--- The data ---

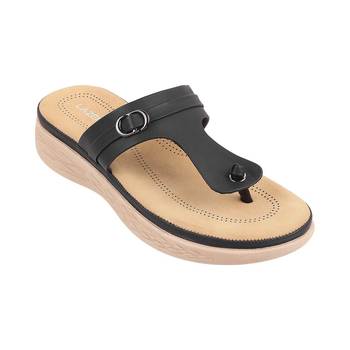 Women's orthopedic style wedge sandals (1419) 4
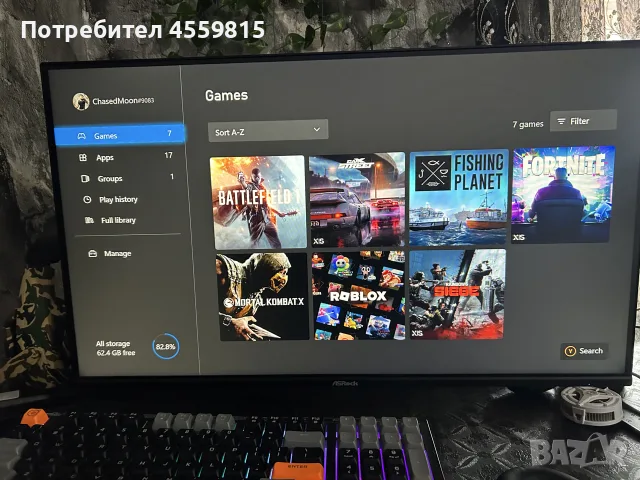 Xbox series S Със закупени игри , снимка 5 - Игри за Xbox - 56098636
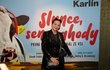 Premiéra muzikálu Slunce, seno, jahody: Hana Gregorová Premiéra muzikálu Slunce, seno, jahody: Hana Gregorová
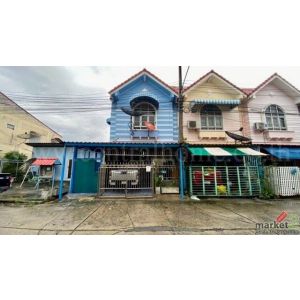 ทาวน์เฮ้าส์ 2 ชั้น ม.รพีพร เลควิว เชียงรากน้อย (หลังริม)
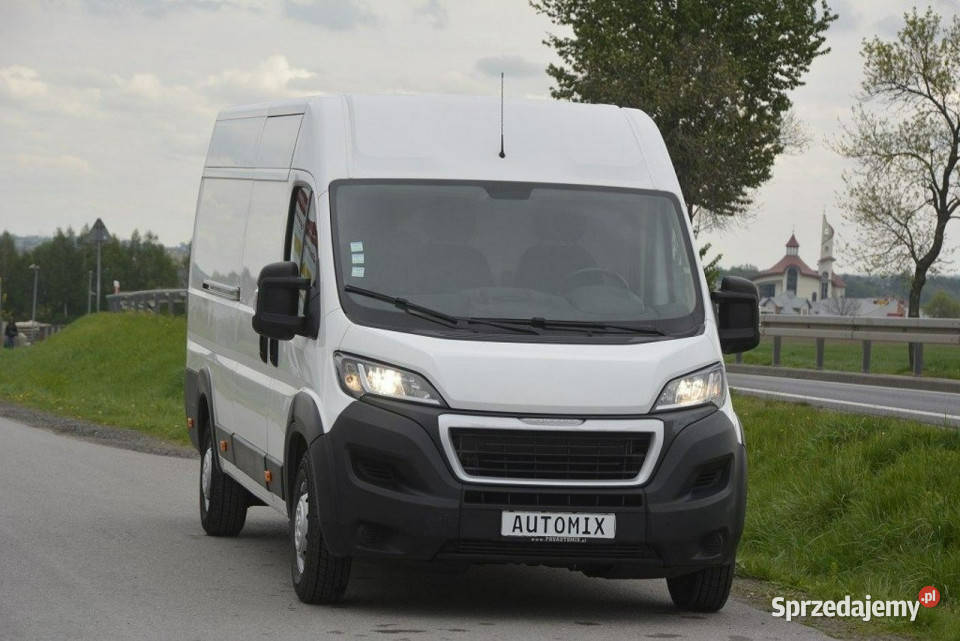 Peugeot Boxer 22 BlueHDI doinwestowany gwarancja Sędziszów Małopolski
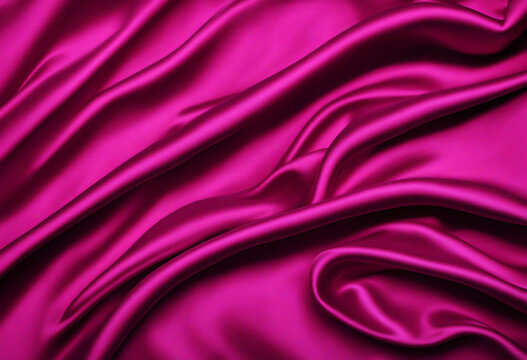 Elegant Purple Velvet Silk Satin Background with Shiny Finish for Festive Designs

---

Leave out the pictures and set down everything else in the entries above exactly.

#### [Your solution]
 Women's orthopedic style wedge sandals (1419) 4
 Xbox series S Със закупени игри , снимка 5 - Игри за Xbox - 56098636
 Premiéra muzikálu Slunce, seno, jahody: Hana Gregorová Premiéra muzikálu Slunce, seno, jahody: Hana Gregorová
 ทาวน์เฮ้าส์ 2 ชั้น ม.รพีพร เลควิว เชียงรากน้อย (หลังริม)
 Peugeot Boxer 22 BlueHDI doinwestowany gwarancja Sędziszów Małopolski
 Elegant Purple Velvet Silk Satin Background with Shiny Finish for Festive Designs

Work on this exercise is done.